Stifling speech / Health Secretary wrong to threaten those who disagree with government

The Columbus Dispatch – September 19, 2010

On Sept. 9, Kathleen Sebelius, daughter of former Ohio Gov. John J. Gilligan and now secretary of the U.S. Department of Health and Human Services, engaged in an act of political intimidation: She warned private health insurers that if they “falsely blame” “unjustified” rate increases on the administration’s massive overhaul of health care, they might be punished.

Sebelius says she’ll be keeping a list of insurers who are naughty — the naughty ones being those who exercise free speech by saying their rate increases are the result of the government’s health-care overhaul. These companies, Sebelius warns, might be excluded from government-created health-care-insurance exchanges that will be set up under the new law in 2014 and that will be the place where millions of Americans will have to go to seek coverage. In other words, Sebelius is telling insurers, “Shut up or we’ll deprive you of customers.”

Welcome to the brave new world of government-dominated health care.

The fact is, the health-care overhaul is going to cost plenty. Sebelius acknowledged in her letter that provisions of the law taking effect this month will raise insurance costs. These include mandates to insurers to eliminate lifetime coverage limits and exclusions for pre-existing conditions in children, to provide “free” preventive services and to allow children to remain on their parents’ health insurance until age 26.

As a result, across the country, insurers are submitting rate-increase requests to state insurance regulators, with increases ranging from 1 percent to more than 20 percent. Much of the variation reflects differences in the insurance plans; the health-care mandates will affect some insurance packages more than others.

But Sebelius is charging that some insurers are using the mandates as an excuse to gouge consumers. Government estimates and “some insurers’ estimates” find that mandates should raise premiums only 1 percent to

2 percent, Sebelius claims. Therefore, any insurer seeking more than that will be suspect.

But if any insurers are engaging in shifty arithmetic, they will be pikers compared with President Barack Obama and the Democratic majority in Congress that passed the health-care overhaul. The bill was sold with deceptive math: using double-counting and other accounting tricks; frontloading the income and delaying the payouts in order to low-ball the cost of the first 10 years; and projecting hundreds of billions of dollars of savings in Medicare that the president and lawmakers know will never happen.

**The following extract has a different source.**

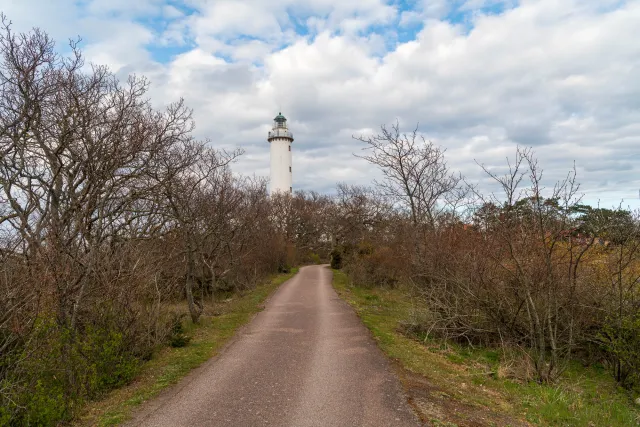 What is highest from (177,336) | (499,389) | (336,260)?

The 1 percent to 2 percent increase that Sebelius cites invites suspicion that this, too, is more politically motivated low-balling. She knows a majority of Americans oppose the health-care bill, and this is a serious liability for Democrats running for election in November. This includes Democratic incumbent Mary Jo Kilroy in the 15th Congressional District. She voted for the overhaul, putting her at odds with the 61 percent of central Ohioans who either want the law repealed or changed, according to a recent Saperstein Associates survey.

Sebelius has the right to accuse insurers of gouging. She can propose more regulations to prevent price-gouging.

But she is going further: She is trying to silence those who dare to disagree with the government’s viewpoint by threatening them with punishment. That’s standard practice in some countries, but it has no place in the United States.